● **TASK BRIEF**: Give back exactly the lines of the material below that start at the one holding "Jet Black Interior" and end at the last line, minus the pictures.

● **RECORDED DATA**:
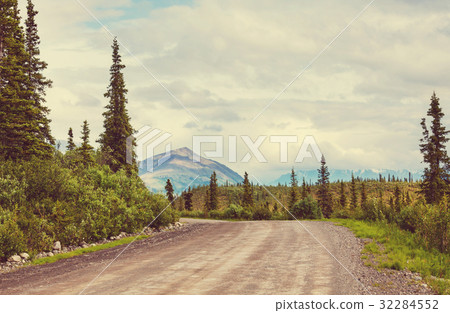 Road on Alaska 32284552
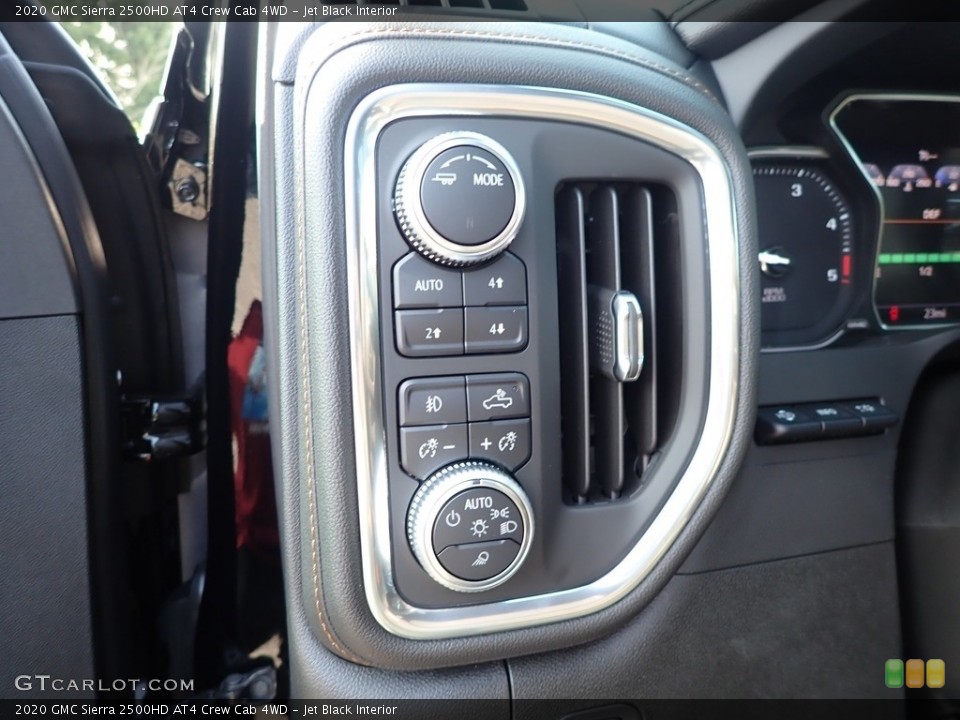 Jet Black Interior Controls for the 2020 GMC Sierra 2500HD AT4 Crew Cab 4WD #139508038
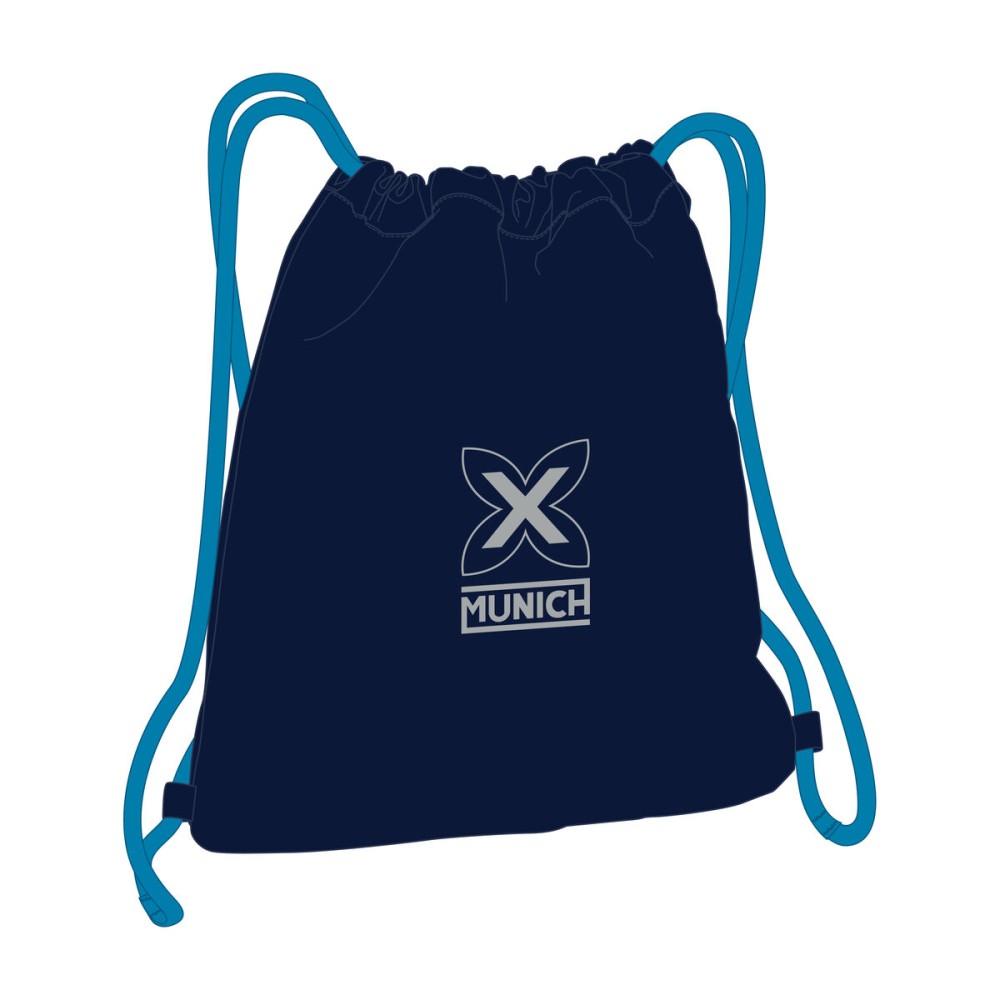 Σχολική Τσάντα με Σχοινιά Munich Nautic Ναυτικό Μπλε 35 x 40 x 1 cm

● **YOUR RESPONSE**:
 Jet Black Interior Controls for the 2020 GMC Sierra 2500HD AT4 Crew Cab 4WD #139508038
 Σχολική Τσάντα με Σχοινιά Munich Nautic Ναυτικό Μπλε 35 x 40 x 1 cm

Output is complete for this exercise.